La pelea conmigo mismo —puesto que no hay nadie más
enzarzado en ella, que nadie se asuste y que todos dejen de leer aquí mismo—
por momentos se hace ardua, acaso por repetitiva y confusa. No merece la pena
repetir y repetir lo mismo tantas veces. En el fondo es una lucha
desproporcionada, porque ya se conoce su final; tanto el remoto y compartido
con el resto de los seres, como el más inmediato —aunque esa inmediatez no
tenga fecha concreta—. Un final que no habla de derrotas o fracasos, quizá sí
de frustraciones; pero, por más que me invente argumentos de todo tipo, a la
postre se trata de la consumación irremediable de la lógica. Cualquier otro
epílogo podría asomarse a la categoría de lo azaroso, por no decir milagroso.
¿Cómo calificar que un río cambie el rumbo del agua curso arriba?
Aproximadamente hace ocho o nueve años me reté a mí mismo en
singular batalla, una de cuyas reglas era el tiempo de duración. No planteé la
lucha como una guerra de exterminio en la que la resistencia y el desgaste son principales
bazas, sobre todo para los más débiles en armamento ofensivo.
Sin embargo, algunas circunstancias personales cambiaron dos o
tres años después, y tales modificaciones fueron excusa suficiente para alterar
el contenido de las cláusulas del feroz combate, que, de nuevo, volvieron a ser
modificadas dos años después, al pensar yo que había encontrado el modo de usar
a mi favor un arma poderosísima.
Efectivamente el
arma es poderosísima. Pero la uso con la misma torpeza que cualquier otra arma
que se me ponga entre las manos.
Por tanto los
contendientes de esta guerra sabíamos quién era el vencedor. Por más que las
escaramuzas se dilaten en el tiempo, por más que mi guerrilla indestructible y
aguerrida de vez en cuando asome tras alguna de las serranías de mi interior y
arremeta feroz contra el poderoso ejército invasor e, incluso, sea capaz de
ganar alguna escaramuza y llevarse como botín algún trofeo de cierto valor, sé
de sobra que esa batalla la he perdido hace tiempo. El enemigo contra quien me
enfrento hace un año largo que dejó de preocuparse, y apenas utiliza una fracción
escuálida de su ejército en el menester de evitar la reorganización de mi
guerrilla de harapientos cada vez más débil y diezmada.
No me rendiré en público. Quizá tampoco lo haga en privado. Pero
en la más absoluta intimidad —a la que muchas veces confundo con sueños o con ataques
de melancolía— sé que he sido derrotado en toda regla. Sin apelación posible.
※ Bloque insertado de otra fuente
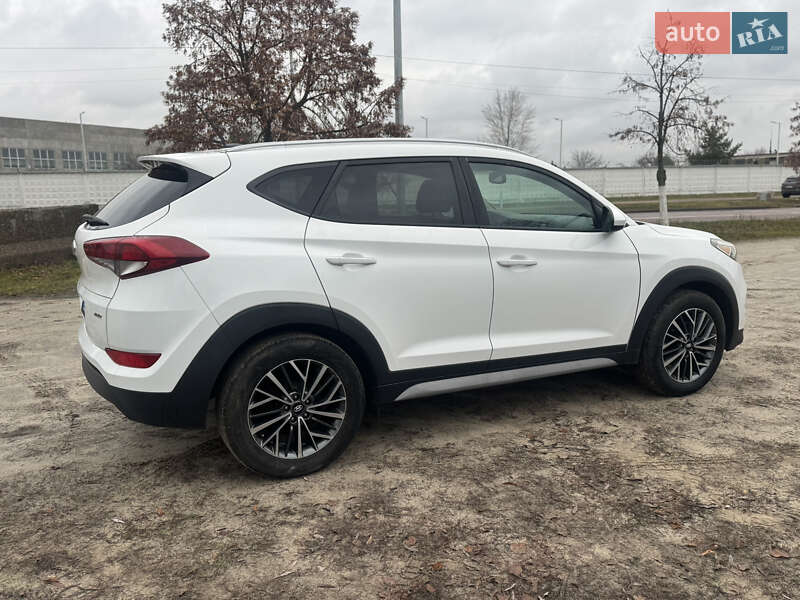 Позашляховик / Кросовер Hyundai Tucson 2017 в Києві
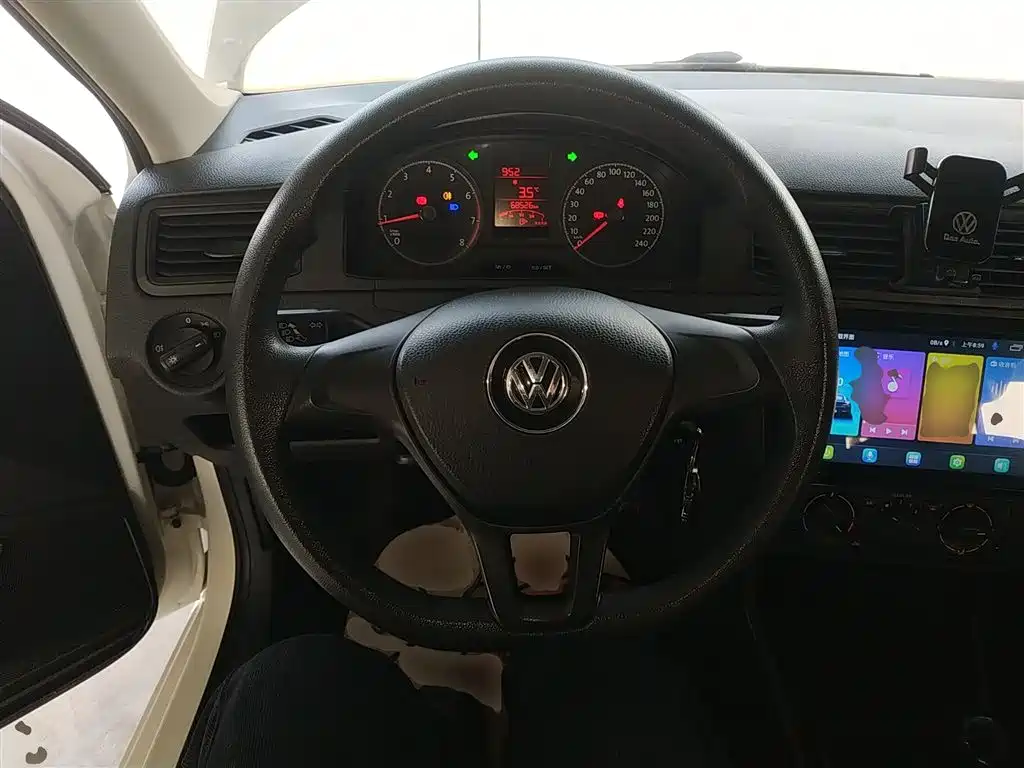 Volkswagen Santana 2016 1.4L Manual Trend Edition фото 11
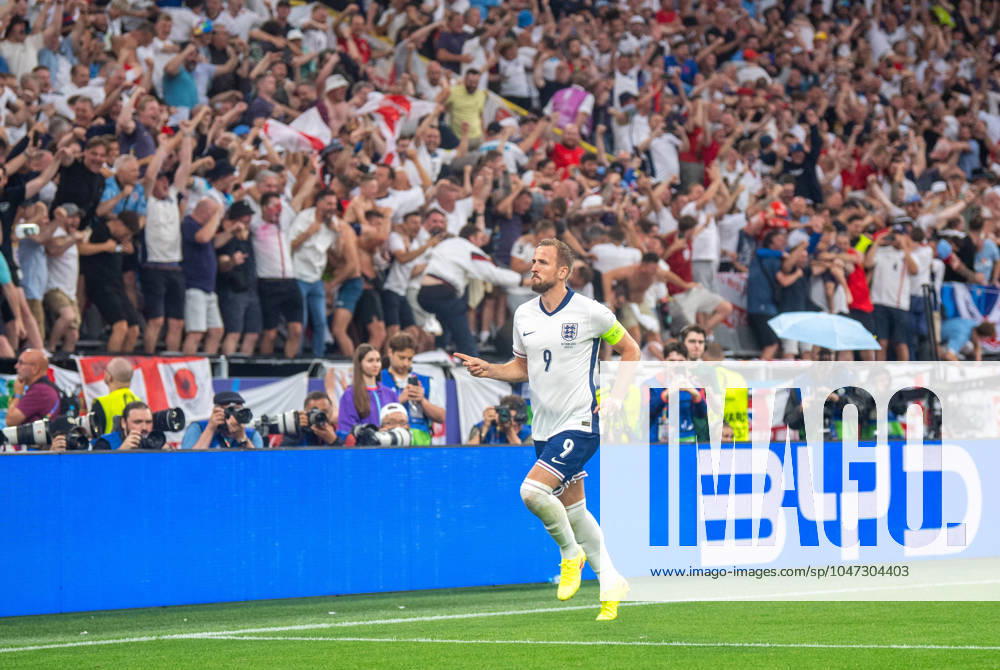 Football, men, 2023 24 season, UEFA Euro EM 2024, semi-final in Dortmund, Netherlands England, Harry Kane England and fans, cheering after goal to 1 1, 10 07 2024,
Quizá fuese más inteligente buscar un tratado de paz, iniciar una negociación
habilidosa con el fin de conseguir algunas capitulaciones favorables que me
permitan hacerme la ilusión de que la derrota no ha sido tan brutal.
Mi estratega más lúcido que a veces asoma por mi conciencia (el
mismo que me incita al inicio de conversaciones para firmar un digno tratado de
no agresión), tiene razón al recordarme que el error más grave lo cometí hace
más de veinticinco años, cuando elegí mal el andén y tomé el tren equivocado,
porque pensé que algo más tarde, acaso en otra estación, podría volver a ocupar
el andén adecuado, donde pararía otro convoy con el mismo destino al que
entonces renuncié.
La historia siempre es la misma: Jacob birló la primogenitura a
Esaú. En este caso, ni siquiera el vencedor es Jacob, es la versión torpe de
Esaú. Pero como sé que las lentejas son sabrosísimas, las lamentaciones sobran.